MR MERKEL: The way it works, your Honour, under the Criminal Procedure Act is that, upon the filing of the charge sheet and summons, that is treated as an application to the Registrar to issue the summons and that would commence the proceeding. So under the statute what happened in the present case is that the Registrar sought to have the application reviewed by a magistrate and, before any decision was made on it, application had been made to the Attorney to consent for the purposes of subsection (1) and that consent was refused.
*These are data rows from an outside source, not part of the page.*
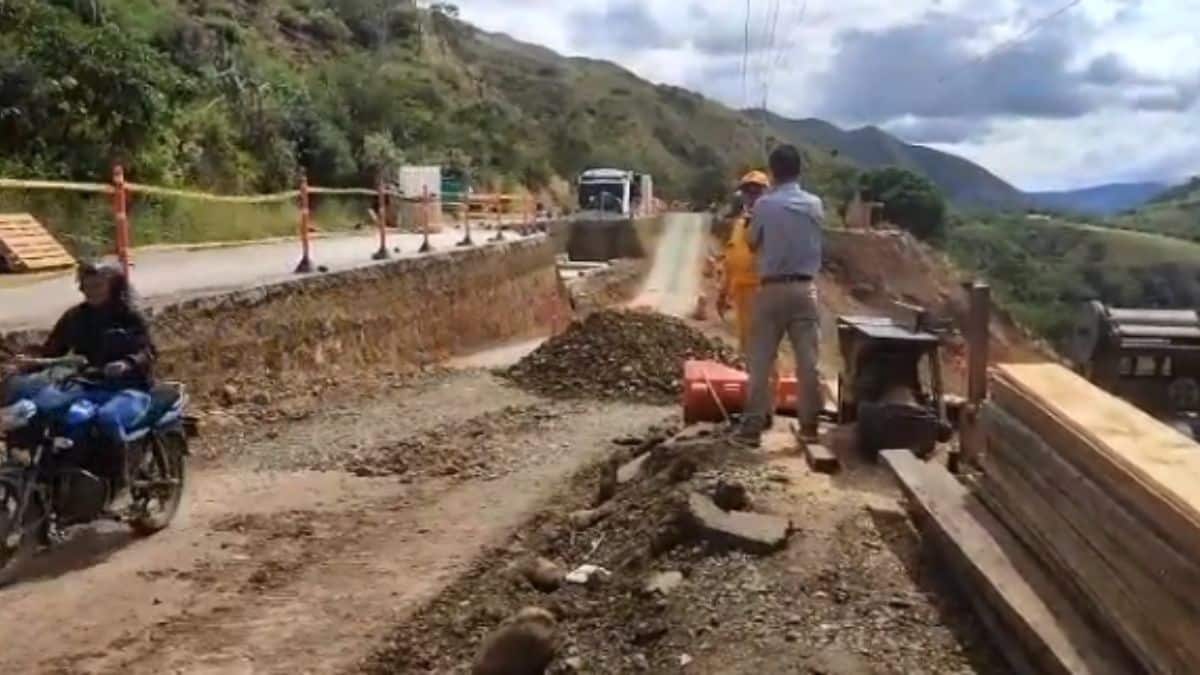 Cierran vía Dagua-Loboguerrero por nuevos movimientos de tierra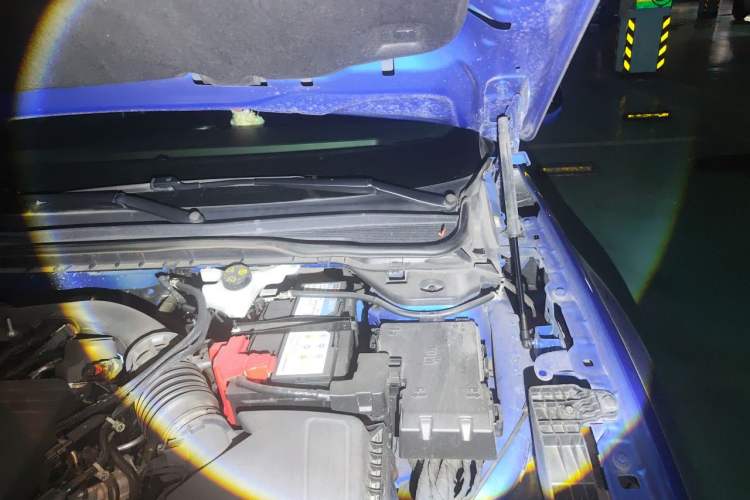 Used Ford EVOS 2022 EcoBoost 245 ST-Line Engine Bay Left
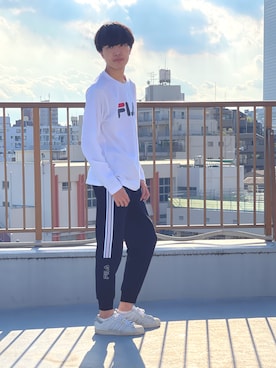 「FILA（フィラ）のアイテム（パンツ）」を使った、NAOKIさん（メンズ・175cm）の秋コーディネート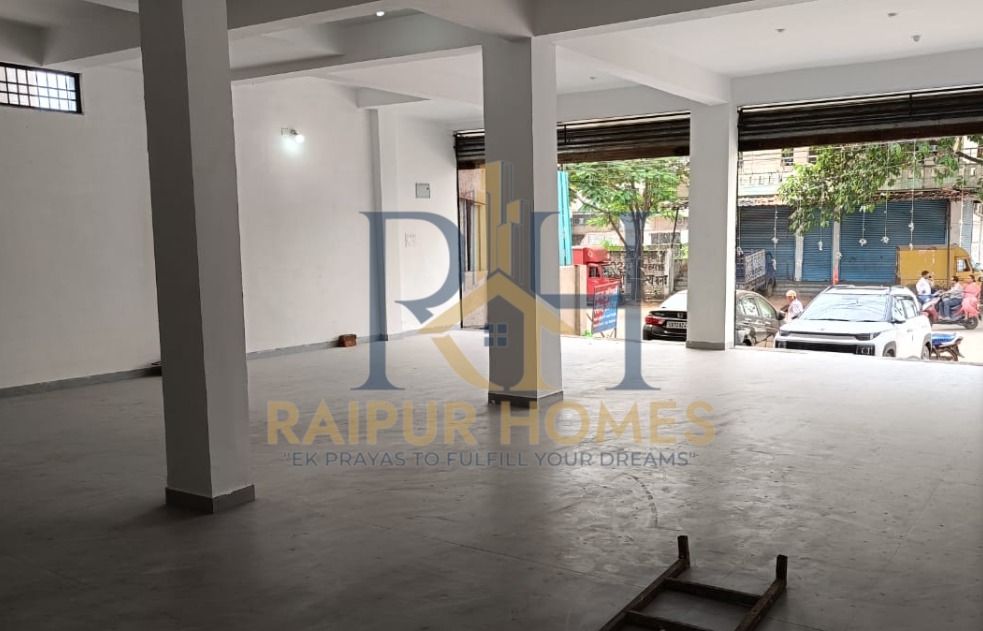 COMMERCIAL SHOP AVAILABLE IN GUDHIYARI .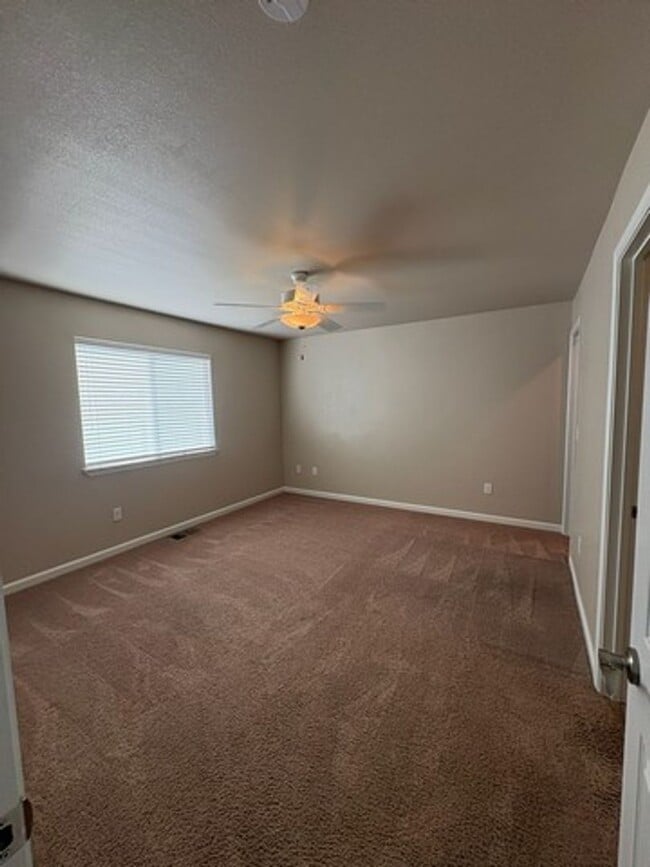 Building Photo - Corner lot Three Bedroom Fernley Home
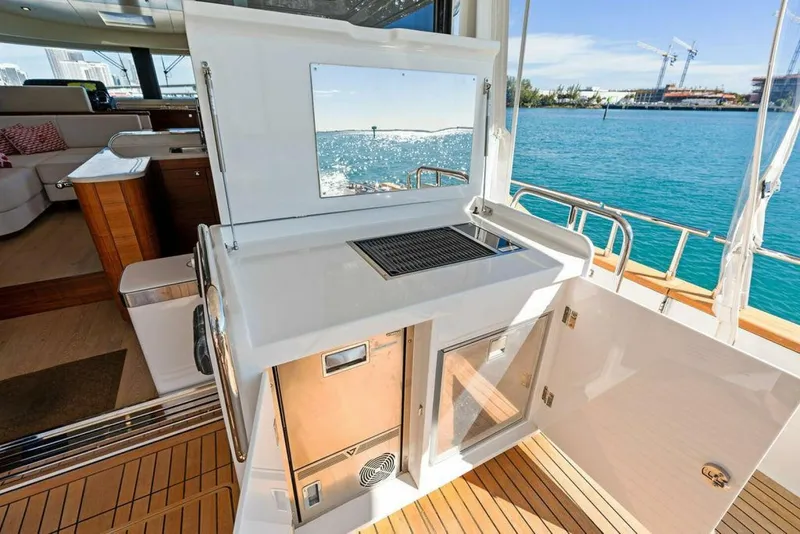 Slide: The Image of Sirena 58 2022 - 4982713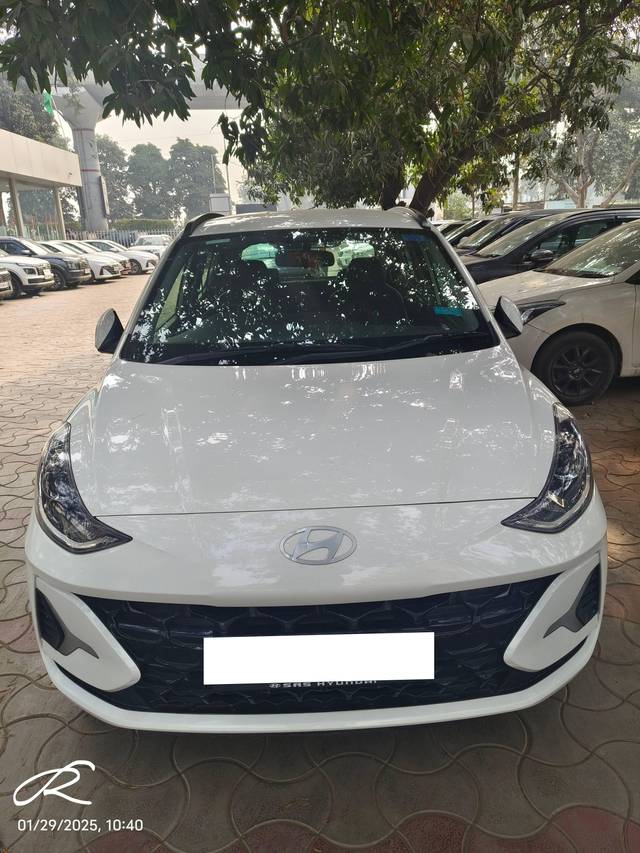 https://images10.gaadi.com/usedcar_image/4374010/original/processed_6e7a64aed402d2a9680cf4dcb445ee45.jpg?imwidth=6402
So the only thing that has not happened, which is the step that brings us here, is that the decision of the Attorney intercepted the decision of the Registrar. The Registrar has agreed to defer that. The Magistrates Court has agreed to defer making a decision on the charge sheet and summons lodged until the validity of the decision of the Attorney has been determined.
KIEFEL CJ: I understand that. I still do not understand how any of that brings you within subsection (3).
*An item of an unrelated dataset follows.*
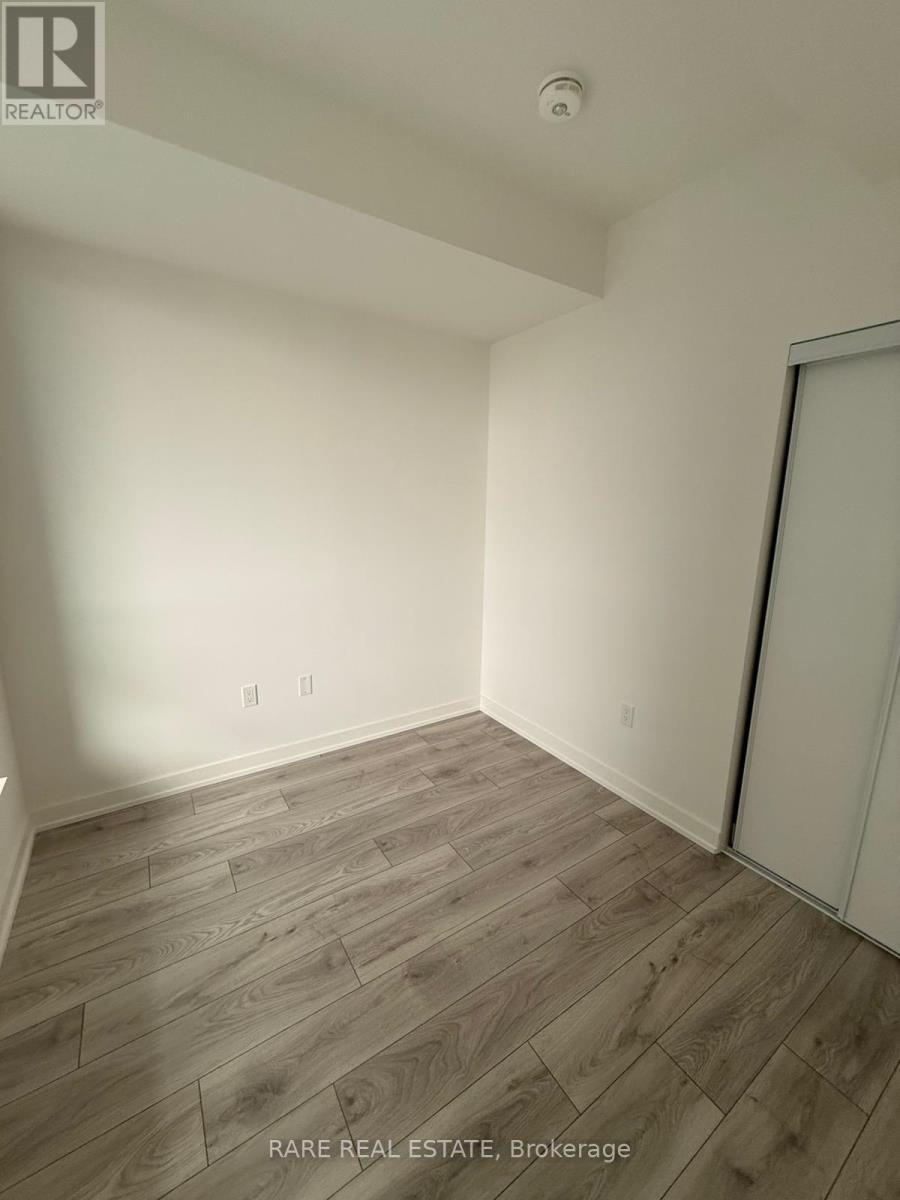 2005 - 110 Broadway Avenue, Toronto, ON - Indoor Photo Showing Other Room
MR MERKEL: Because we are the person who sought to commence a proceeding which would charge a person with a Division 268 crime, and that is the only way a proceeding can be commenced.
GAGELER J: So at what point within the Victorian procedure that you have invoked is a person charged?
MR MERKEL: Upon the issue of the summons to answer the charge that commences the proceeding and the person is then charged.
KIEFEL CJ: Do you accept that the person has not been charged, because you say it has been intercepted, to use your term?
MR MERKEL: Yes, your Honour. Your Honour, there is a number of statutory procedures that are similar to this, but the usual procedure where there must be a consent is there is quite often a carve‑out in terms of subsection (3). What your Honour the Chief Justice says is correct, that the person has not been charged but that is really the reason why we are here, to determine whether the reason for that person not having been charged, which is the decision of the Attorney to refuse consent, was a valid decision because that is the only step away from the mandatory requirement imposed under the Criminal Procedure Act for the summons to be issued.
GAGELER J: If you are right about the step falling within the word “charged” in subsection (3) then you do not need consent. That is what subsection (3) says.
MR MERKEL: That is right, your Honour, but what was sought in the application ‑ if we get to the substantive matters your Honours will see this – was that the consent was sought so the proceeding could then move on to the next stages and that was a necessary step because the carve‑out had been exhausted or would be exhausted after charge.
EDELMAN J: It is because you separate “charge” from “commencement of proceedings”.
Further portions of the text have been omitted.